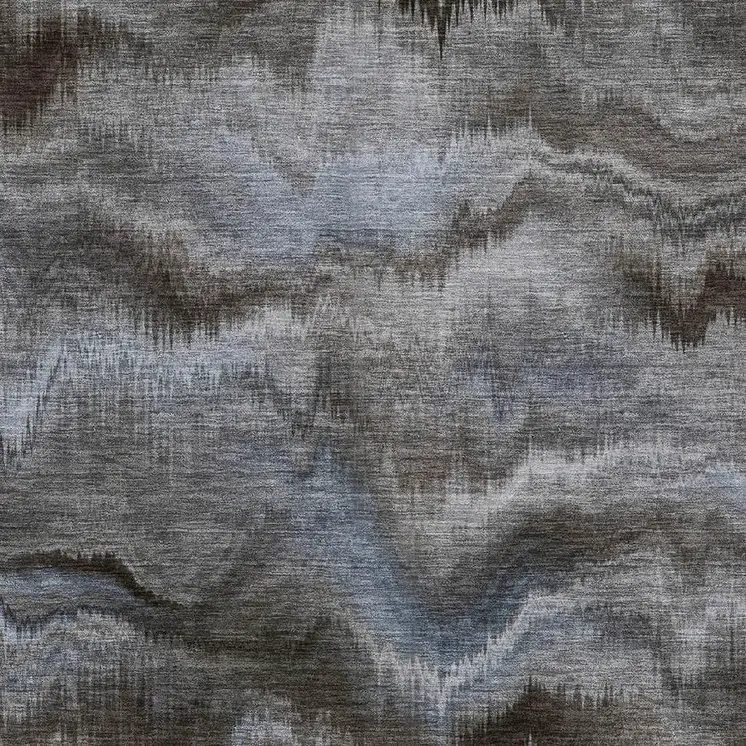 8' X 10' Taupe And Ivory Abstract Washable Indoor Outdoor Area Rug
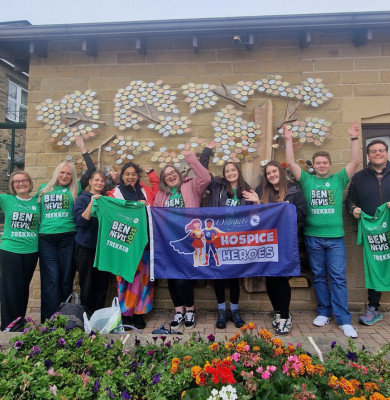 Overgate Staff Conquer Ben Nevis for Overgate Hospice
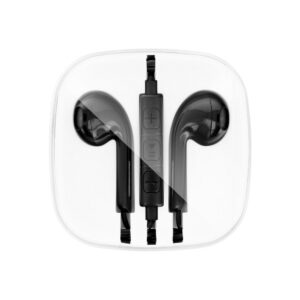 Earphones stereo for Apple iPhone Jack 3,5mm NEW BOX black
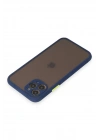 Mey İthalat®  iPhone 11 Pro Kılıf Montreal Silikon Kapak - Lacivert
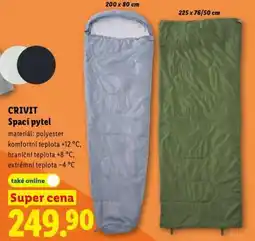 Lidl CRIVIT Spací pytel nabídka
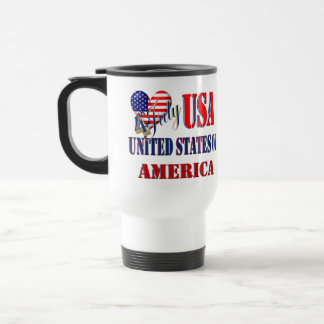 4 juli USA T-Shirt Classic Round Sticker Coff Resemugg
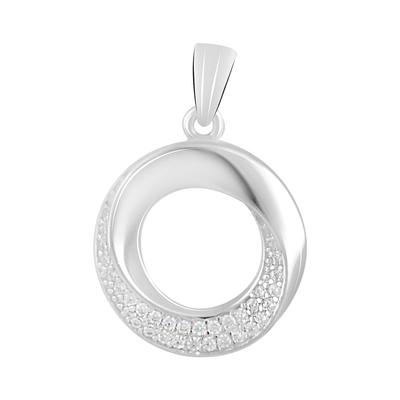 Silver Pendant with Cubic Zirkonia (2129813)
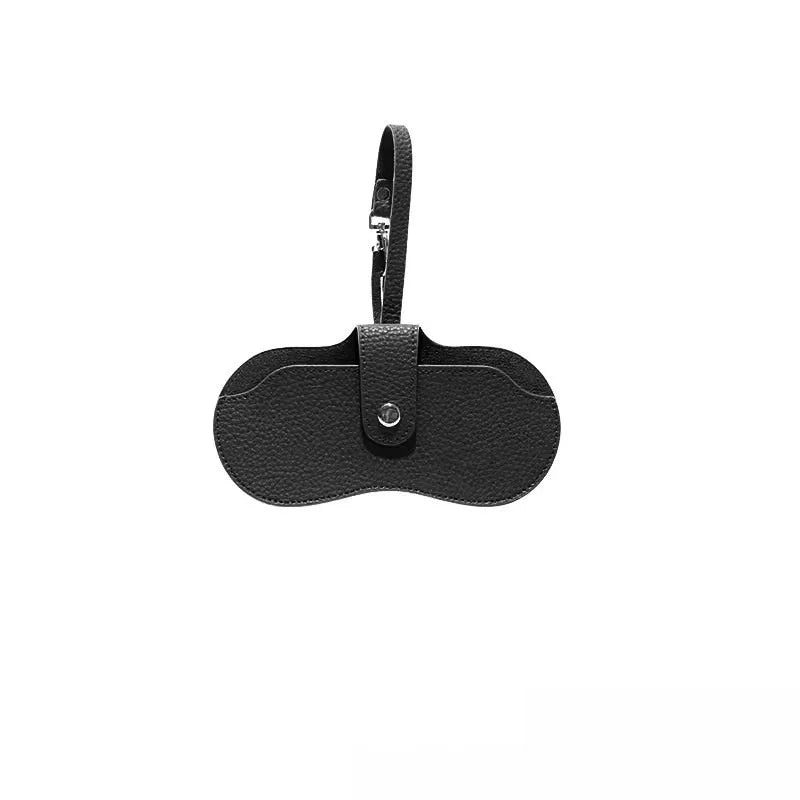 Portable Glasses Bag Soft Leather Sunglasses Pouch Slim Fashion Glasses Case Holder Glasses Organizer Travel Sunglasses Pouch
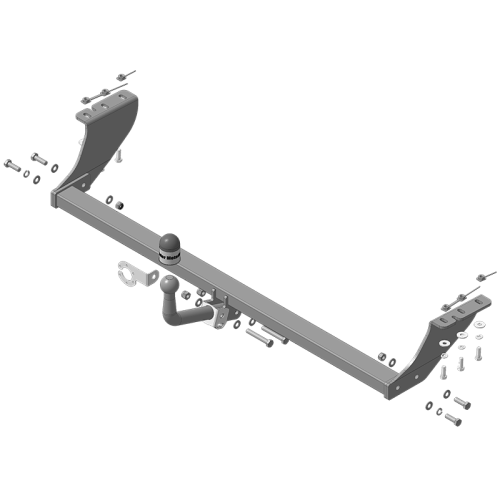 92520-A MOTODOR Фаркоп с оцинкованным шаром на Toyota Voxy 2014-2021, Toyota Noah 2014-2021, Toyota Esquire 2014-2022 без подрезки бампера. Тип шара: A. Нагрузки 1500/75 кг, масса фаркопа 18 кг (без электрики в комплекте)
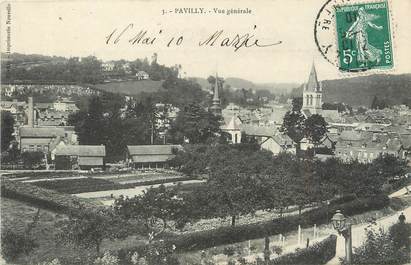 / CPSM FRANCE 76 "Pavilly, vue générale"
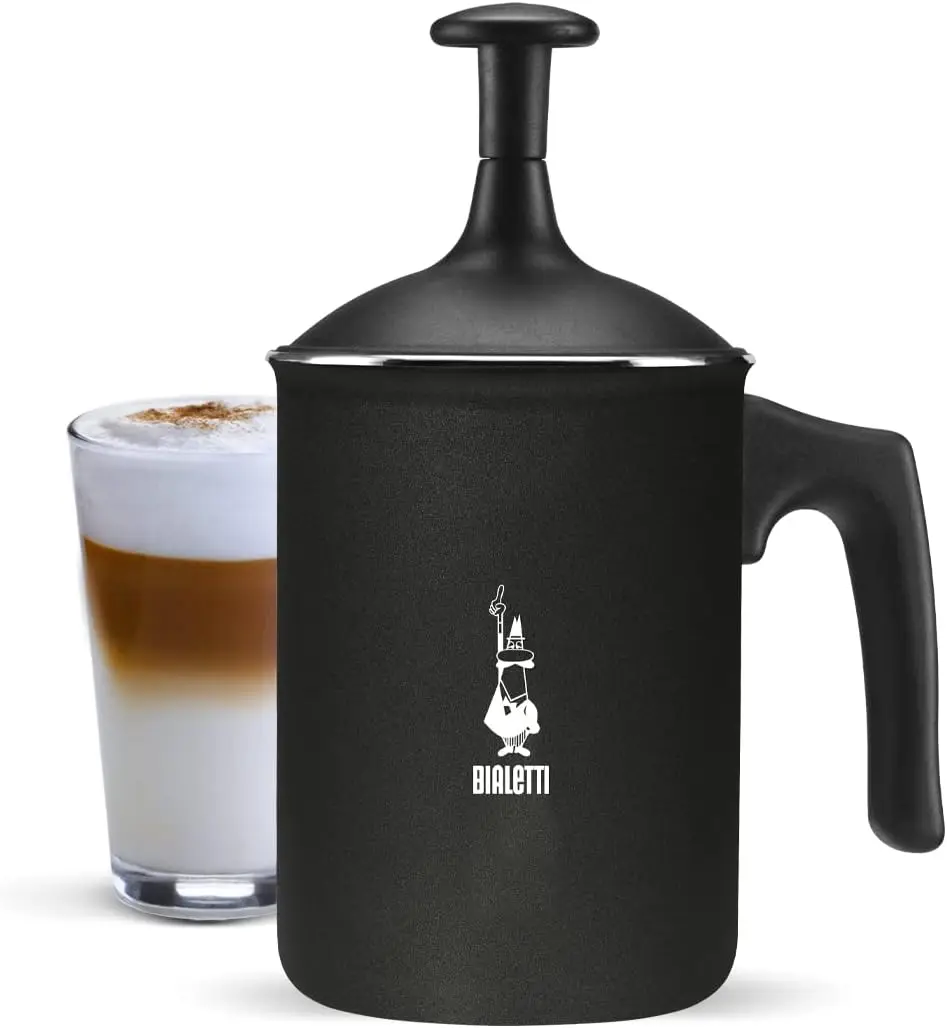 

Stovetop Milk Frother, 1L Capacity, Fine Mesh for Creamy Foam, Works on All Cooktops Except Induction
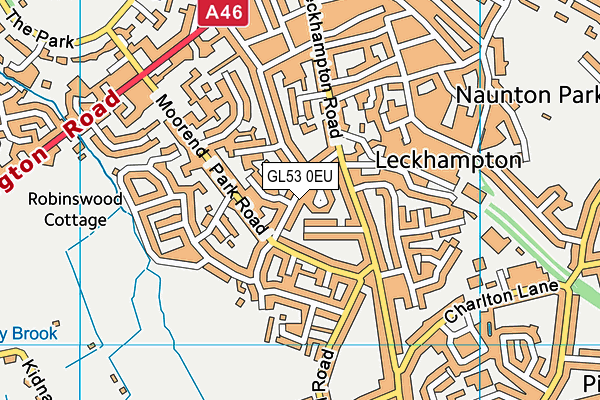 GL53 0EU map - OS VectorMap District (Ordnance Survey)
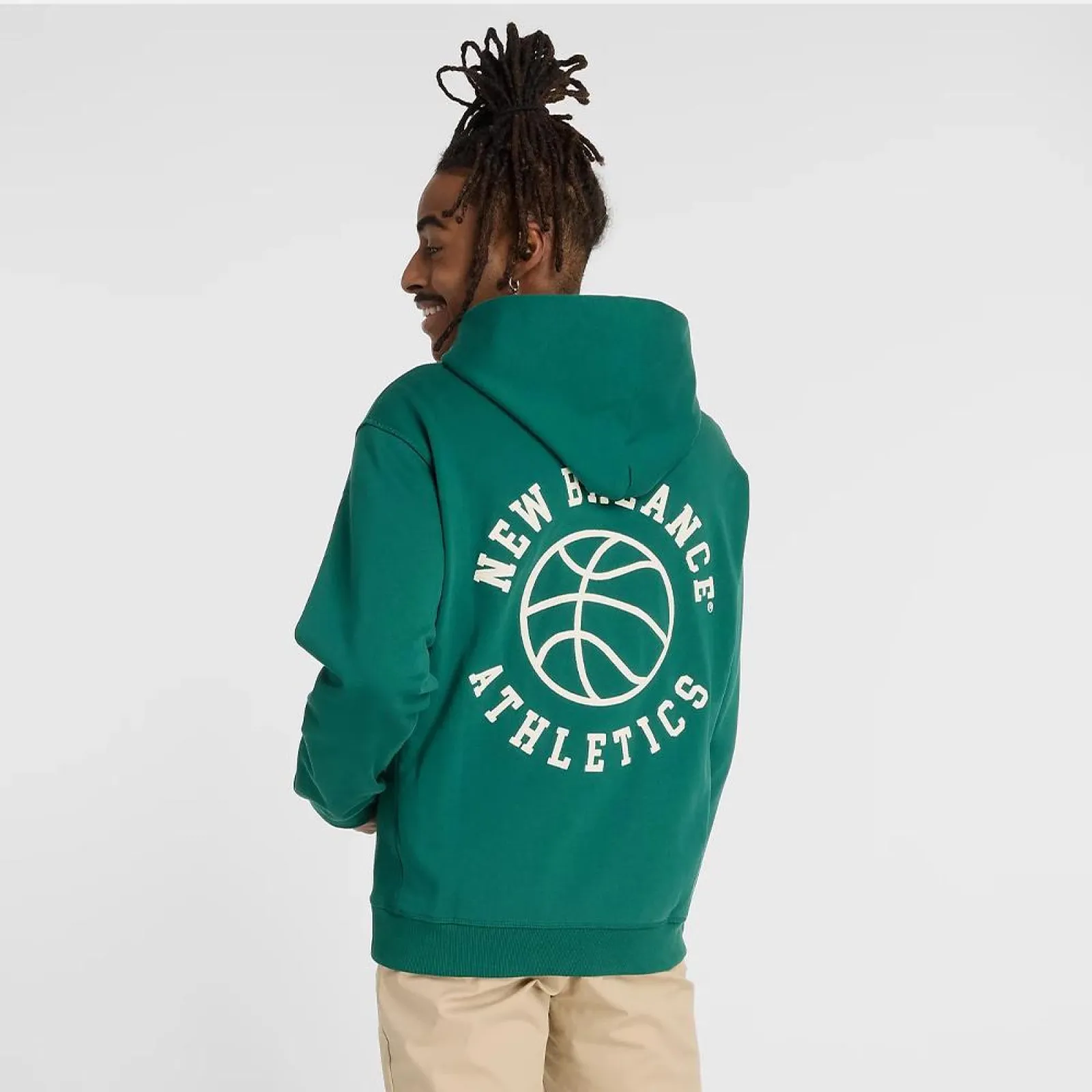 New Balance Athletics Relaxed League Hoodie "Marsh Green"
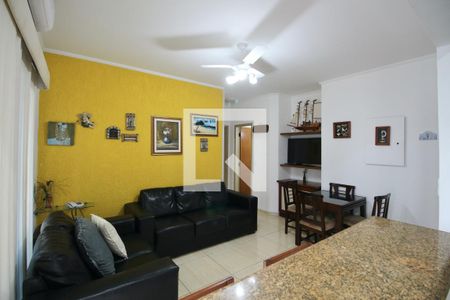 Sala de apartamento para alugar com 2 quartos, 65m² em Centro, Guarujá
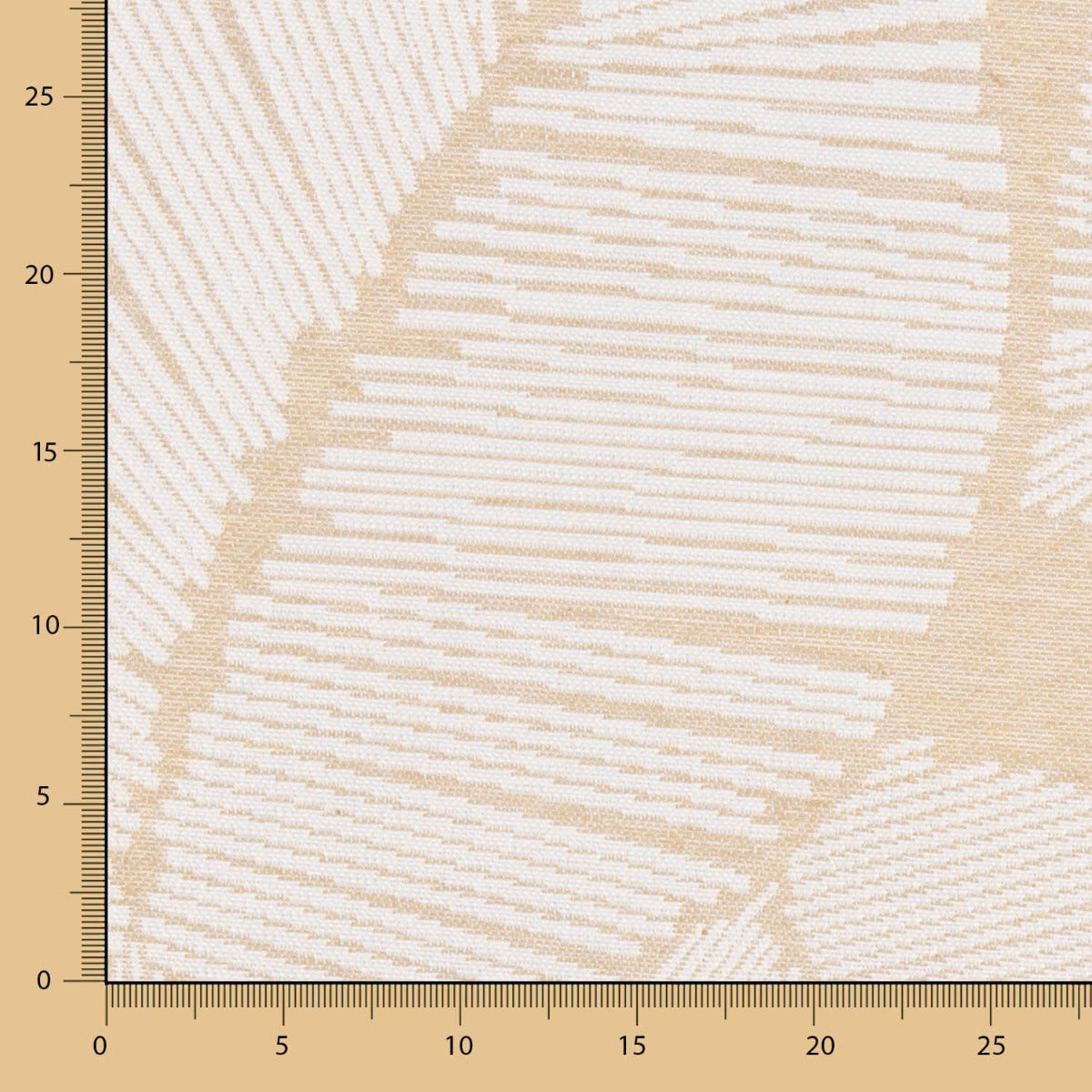 Tapisserie Jacquard Feuille Anori Sable - Ribes y Casals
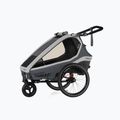 Qeridoo Kidgoo 1 príves na bicykel sivý Q-KDG1-22-SG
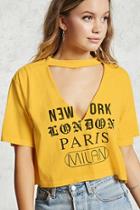 Forever21 Paris Graphic Cutout Tee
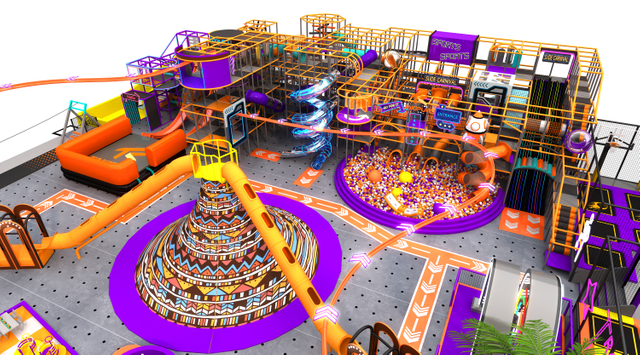 Commercial Jungle Theme Indoor Playground with Ball Pool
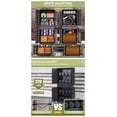 thumbnail image 6 of Metal Garage Storage Cabinet with 4 Wheels and 1 Drawer, Garage Cabinet with Lockable Doors and Adjustable Shelves, 73" H Tool Cabinet for Garage, Home, Office, Warehouse, Black, 6 of 6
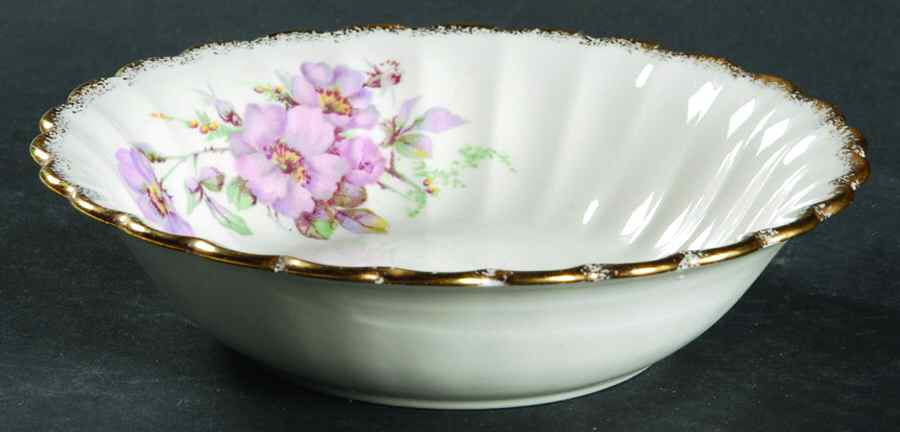 Wild Rose Coupe Cereal Bowl by Sebring Pottery-1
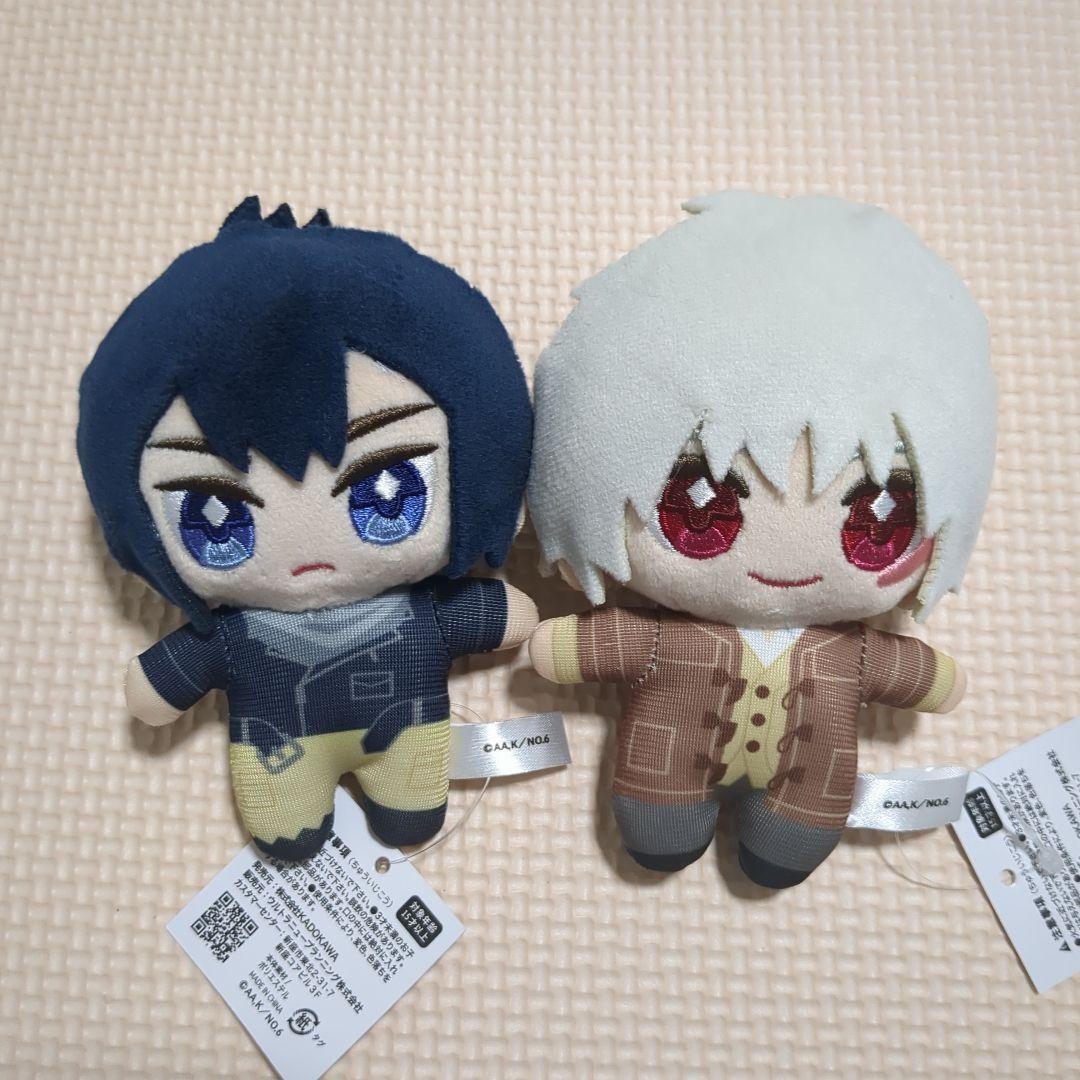 NO6 Choco Tomo Plush Mascot Shion Mouse Toy Set Authentic Rare Prize NO6 Choco Tomo Plush Mascot Shion Mouse Toy Set Authentic Rare Prize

══════════════════════════════

WHAT THE EXERCISE ASKS: Copy exactly the lines running from the beginning of the listing through the line that has "Lidl CRIVIT Spací pytel nabídka". Drop the pictures.

EXERCISE SOLUTION:
 8' X 10' Taupe And Ivory Abstract Washable Indoor Outdoor Area Rug
 Overgate Staff Conquer Ben Nevis for Overgate Hospice
 Earphones stereo for Apple iPhone Jack 3,5mm NEW BOX black
 Mey İthalat®  iPhone 11 Pro Kılıf Montreal Silikon Kapak - Lacivert
 Lidl CRIVIT Spací pytel nabídka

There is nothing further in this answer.